What the exercise asks:
When you output the entries, begin with the first line and end with the line containing "Use the Picture", keeping each line exactly as it is.

Data provided:

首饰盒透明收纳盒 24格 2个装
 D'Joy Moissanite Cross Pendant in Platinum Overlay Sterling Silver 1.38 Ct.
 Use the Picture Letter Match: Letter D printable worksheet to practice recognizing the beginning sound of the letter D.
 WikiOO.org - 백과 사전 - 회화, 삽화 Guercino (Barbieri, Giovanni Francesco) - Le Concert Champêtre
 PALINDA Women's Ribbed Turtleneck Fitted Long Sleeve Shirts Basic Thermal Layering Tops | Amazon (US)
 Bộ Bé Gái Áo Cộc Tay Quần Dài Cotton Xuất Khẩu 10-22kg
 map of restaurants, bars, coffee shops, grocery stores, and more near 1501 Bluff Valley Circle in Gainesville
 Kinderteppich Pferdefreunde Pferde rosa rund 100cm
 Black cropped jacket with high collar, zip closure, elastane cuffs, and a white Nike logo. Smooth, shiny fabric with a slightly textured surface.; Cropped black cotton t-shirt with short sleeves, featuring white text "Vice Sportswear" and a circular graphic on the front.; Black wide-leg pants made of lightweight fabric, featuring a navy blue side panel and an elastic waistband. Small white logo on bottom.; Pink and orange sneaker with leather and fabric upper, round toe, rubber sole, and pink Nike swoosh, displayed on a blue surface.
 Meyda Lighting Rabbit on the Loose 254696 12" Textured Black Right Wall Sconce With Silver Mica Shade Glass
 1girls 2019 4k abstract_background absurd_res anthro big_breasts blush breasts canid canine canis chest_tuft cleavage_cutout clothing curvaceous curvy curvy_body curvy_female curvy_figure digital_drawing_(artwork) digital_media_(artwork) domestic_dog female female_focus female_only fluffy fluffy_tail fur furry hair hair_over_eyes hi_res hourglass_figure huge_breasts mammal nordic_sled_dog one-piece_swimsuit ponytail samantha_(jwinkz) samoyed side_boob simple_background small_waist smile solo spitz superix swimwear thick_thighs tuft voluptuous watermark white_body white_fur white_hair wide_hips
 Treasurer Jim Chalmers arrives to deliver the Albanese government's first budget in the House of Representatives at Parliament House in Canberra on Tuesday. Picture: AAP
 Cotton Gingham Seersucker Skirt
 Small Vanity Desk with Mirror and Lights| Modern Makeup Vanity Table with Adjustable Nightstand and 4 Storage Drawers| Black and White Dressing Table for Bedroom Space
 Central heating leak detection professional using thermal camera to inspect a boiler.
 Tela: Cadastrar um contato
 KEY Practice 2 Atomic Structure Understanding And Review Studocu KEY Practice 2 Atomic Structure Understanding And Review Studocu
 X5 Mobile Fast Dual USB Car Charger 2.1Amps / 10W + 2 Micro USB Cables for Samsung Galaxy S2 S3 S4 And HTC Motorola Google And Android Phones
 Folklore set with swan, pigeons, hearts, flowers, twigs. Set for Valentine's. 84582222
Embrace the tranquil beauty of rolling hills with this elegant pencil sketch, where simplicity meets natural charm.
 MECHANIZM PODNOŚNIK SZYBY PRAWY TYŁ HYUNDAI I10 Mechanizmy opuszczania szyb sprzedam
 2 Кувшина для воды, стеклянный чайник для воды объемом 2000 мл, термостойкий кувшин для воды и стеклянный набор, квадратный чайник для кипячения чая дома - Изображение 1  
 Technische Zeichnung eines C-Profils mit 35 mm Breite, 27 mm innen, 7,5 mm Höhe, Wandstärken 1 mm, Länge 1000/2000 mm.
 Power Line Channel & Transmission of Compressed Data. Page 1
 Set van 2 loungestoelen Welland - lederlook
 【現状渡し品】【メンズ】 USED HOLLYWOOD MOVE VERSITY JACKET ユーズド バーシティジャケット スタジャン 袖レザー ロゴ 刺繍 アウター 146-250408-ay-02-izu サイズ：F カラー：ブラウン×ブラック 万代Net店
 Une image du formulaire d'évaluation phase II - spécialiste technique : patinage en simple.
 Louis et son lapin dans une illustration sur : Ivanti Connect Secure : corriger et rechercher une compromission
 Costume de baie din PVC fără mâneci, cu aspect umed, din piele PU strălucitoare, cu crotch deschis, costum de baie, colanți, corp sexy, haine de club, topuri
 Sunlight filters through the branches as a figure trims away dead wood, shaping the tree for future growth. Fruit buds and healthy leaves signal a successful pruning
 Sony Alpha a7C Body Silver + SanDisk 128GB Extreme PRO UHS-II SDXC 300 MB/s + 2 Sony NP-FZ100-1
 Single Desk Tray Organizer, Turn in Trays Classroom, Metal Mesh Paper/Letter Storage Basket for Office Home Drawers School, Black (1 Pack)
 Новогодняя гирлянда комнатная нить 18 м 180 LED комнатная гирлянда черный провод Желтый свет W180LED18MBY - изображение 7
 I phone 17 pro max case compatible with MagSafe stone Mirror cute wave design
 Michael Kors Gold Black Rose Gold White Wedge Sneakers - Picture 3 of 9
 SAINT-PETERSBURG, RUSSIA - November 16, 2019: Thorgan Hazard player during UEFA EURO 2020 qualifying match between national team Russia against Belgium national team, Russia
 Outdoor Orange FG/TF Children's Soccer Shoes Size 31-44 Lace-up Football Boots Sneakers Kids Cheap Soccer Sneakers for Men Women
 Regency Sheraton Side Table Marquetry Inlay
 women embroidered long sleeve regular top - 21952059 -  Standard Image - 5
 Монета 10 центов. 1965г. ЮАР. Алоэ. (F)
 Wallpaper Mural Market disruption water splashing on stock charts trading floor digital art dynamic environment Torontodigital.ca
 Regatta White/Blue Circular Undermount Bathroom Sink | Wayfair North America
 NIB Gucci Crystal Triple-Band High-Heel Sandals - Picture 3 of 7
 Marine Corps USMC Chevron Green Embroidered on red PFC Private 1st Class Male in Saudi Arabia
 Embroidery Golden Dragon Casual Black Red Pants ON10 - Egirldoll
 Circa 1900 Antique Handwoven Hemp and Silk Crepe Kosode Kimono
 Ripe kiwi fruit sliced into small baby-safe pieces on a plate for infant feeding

Your response:
首饰盒透明收纳盒 24格 2个装
 D'Joy Moissanite Cross Pendant in Platinum Overlay Sterling Silver 1.38 Ct.
 Use the Picture Letter Match: Letter D printable worksheet to practice recognizing the beginning sound of the letter D.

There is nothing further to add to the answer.